J Korean Acad Oral Health.  2018 Mar;42(1):3-8. 10.11149/jkaoh.2018.42.1.3.

School loss days due to dental diseases among adolescents

  • 1Department of Preventive and Public Health Dentistry, College of Dentistry, Wonkwang University, Iksan, Korea. smagn@wonkwang.ac.kr


This study aimed to investigate the lost school days due to dental diseases among adolescents and to assess their oral health in relation to their socio-demographic characteristics.
A total of 881 adolescents (middle school: 453, high school: 428) were surveyed using a self-administered questionnaire. The questionnaire was composed of questions relating to the subject's socio-demographic characteristics and lost school days due to dental diseases. The lost school days due to dental diseases included absence and early leave. The differences in the lost school days by socio-demographic characteristics were analyzed by chi-square test and t-test.
In the past year, 2% of adolescents were absent from school (approximately 2 days of absence), 7.6% left school early (about 3 days of early leave), and 8.3% were absent from school or left school early (about 4 days of absence and early leave) because of dental diseases.
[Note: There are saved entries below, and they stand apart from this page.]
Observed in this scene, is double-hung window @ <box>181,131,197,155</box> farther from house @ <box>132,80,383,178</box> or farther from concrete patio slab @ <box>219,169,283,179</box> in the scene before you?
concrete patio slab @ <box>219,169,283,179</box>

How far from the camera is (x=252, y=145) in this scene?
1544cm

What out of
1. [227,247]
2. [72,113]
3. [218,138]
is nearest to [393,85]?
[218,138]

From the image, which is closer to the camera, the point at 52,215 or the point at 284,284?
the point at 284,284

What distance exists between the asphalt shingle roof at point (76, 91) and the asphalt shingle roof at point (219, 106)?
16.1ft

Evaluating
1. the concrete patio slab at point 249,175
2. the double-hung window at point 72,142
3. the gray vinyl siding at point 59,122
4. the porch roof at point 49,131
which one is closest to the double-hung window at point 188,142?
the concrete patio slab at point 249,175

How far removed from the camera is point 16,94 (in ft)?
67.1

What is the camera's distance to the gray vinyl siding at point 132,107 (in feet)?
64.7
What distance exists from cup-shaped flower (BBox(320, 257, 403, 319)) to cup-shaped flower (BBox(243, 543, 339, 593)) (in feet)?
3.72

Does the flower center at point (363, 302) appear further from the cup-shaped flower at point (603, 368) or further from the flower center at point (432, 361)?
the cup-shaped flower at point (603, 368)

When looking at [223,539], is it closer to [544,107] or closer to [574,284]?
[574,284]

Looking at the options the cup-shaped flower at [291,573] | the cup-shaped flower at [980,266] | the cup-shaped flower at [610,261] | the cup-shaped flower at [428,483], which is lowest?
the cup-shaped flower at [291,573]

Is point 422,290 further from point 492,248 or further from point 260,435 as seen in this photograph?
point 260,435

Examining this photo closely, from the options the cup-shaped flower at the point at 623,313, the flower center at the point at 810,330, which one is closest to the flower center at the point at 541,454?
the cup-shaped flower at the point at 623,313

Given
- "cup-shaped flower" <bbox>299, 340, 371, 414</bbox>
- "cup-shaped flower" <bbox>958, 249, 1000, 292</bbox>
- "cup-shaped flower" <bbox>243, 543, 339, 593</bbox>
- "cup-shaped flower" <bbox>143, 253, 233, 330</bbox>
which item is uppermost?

The most common reason for absence from school was dental caries (31.8%), followed by malocclusion (9.3%), periodontal disease (7%), and maxillofacial trauma (2.3%). Dental caries was the most common reason (18%) for early leave, followed by malocclusion (8.8%), maxillofacial trauma (2.6%), and periodontal disease (1.8%). Absence from school was higher when the educational background of the respondent's father was middle-school graduate or lower (5.6%: middle-school graduates or lower, 1.6%: high-school graduates, 1.8%: college graduates or higher). High school students with dental diseases (11.7%) were absent or went on early leave to a greater extent than middle school students (5.1%).
To reduce lost school days due to dental diseases among adolescents, different strategies are required including prevention and early treatment of dental caries and avoidance of maxillofacial trauma.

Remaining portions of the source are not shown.